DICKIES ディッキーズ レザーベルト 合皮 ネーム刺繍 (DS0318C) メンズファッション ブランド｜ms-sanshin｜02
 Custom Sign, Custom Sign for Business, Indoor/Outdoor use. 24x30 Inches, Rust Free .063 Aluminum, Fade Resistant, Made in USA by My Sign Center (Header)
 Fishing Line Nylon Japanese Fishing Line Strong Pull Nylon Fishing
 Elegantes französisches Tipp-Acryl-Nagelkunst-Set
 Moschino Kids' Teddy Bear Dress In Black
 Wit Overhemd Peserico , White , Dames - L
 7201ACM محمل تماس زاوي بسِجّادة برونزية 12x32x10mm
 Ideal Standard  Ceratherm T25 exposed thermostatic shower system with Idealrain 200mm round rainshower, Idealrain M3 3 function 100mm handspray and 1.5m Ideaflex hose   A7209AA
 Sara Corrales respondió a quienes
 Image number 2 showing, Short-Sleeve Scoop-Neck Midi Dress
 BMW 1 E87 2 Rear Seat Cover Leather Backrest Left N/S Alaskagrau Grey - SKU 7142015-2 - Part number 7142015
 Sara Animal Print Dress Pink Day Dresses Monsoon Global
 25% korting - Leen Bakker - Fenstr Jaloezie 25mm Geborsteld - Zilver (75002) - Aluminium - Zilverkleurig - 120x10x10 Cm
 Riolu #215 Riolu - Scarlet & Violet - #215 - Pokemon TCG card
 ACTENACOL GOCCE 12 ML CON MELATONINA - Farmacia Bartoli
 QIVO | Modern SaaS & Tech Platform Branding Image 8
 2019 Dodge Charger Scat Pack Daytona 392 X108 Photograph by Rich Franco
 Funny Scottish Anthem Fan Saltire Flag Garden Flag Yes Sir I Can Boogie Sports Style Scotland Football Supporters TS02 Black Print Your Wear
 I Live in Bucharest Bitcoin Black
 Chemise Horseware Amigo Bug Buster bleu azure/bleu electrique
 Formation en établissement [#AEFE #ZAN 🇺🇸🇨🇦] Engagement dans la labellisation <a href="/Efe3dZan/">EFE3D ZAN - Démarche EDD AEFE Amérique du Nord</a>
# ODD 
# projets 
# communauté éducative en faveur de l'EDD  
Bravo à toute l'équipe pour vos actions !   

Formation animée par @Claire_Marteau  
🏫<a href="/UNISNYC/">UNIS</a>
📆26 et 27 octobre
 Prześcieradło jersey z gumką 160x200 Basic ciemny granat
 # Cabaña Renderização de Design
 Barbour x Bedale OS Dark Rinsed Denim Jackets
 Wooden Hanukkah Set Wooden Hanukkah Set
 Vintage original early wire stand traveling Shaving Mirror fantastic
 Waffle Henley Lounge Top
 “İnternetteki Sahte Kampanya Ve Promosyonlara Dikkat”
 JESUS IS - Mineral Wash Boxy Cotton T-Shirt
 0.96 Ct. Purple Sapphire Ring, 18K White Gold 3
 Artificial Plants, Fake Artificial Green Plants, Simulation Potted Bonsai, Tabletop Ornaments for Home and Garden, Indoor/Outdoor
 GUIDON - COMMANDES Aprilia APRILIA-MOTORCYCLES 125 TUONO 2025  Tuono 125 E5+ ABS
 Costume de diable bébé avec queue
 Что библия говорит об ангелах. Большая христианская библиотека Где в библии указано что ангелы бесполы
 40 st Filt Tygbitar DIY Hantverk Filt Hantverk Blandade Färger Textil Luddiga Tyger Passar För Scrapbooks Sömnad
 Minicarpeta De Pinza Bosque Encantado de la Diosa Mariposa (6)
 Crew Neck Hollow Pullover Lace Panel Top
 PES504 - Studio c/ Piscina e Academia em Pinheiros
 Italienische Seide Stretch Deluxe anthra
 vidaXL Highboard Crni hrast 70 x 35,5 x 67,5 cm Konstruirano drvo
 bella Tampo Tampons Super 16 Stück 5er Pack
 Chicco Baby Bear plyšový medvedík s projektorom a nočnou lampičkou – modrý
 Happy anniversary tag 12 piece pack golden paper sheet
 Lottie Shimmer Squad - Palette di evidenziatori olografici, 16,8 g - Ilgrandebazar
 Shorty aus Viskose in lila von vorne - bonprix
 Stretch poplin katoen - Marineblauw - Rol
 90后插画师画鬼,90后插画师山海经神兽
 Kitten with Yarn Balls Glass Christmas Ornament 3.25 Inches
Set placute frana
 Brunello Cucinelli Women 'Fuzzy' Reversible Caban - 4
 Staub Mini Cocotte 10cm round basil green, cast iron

● Description of the task:
What is asked for is an exact copy of the lines above from the one containing "Riolu #215 Riolu" through the one containing "Funny Scottish Anthem", and only those.

● Answer to the exercise:
 Riolu #215 Riolu - Scarlet & Violet - #215 - Pokemon TCG card
 ACTENACOL GOCCE 12 ML CON MELATONINA - Farmacia Bartoli
 QIVO | Modern SaaS & Tech Platform Branding Image 8
 2019 Dodge Charger Scat Pack Daytona 392 X108 Photograph by Rich Franco
 Funny Scottish Anthem Fan Saltire Flag Garden Flag Yes Sir I Can Boogie Sports Style Scotland Football Supporters TS02 Black Print Your Wear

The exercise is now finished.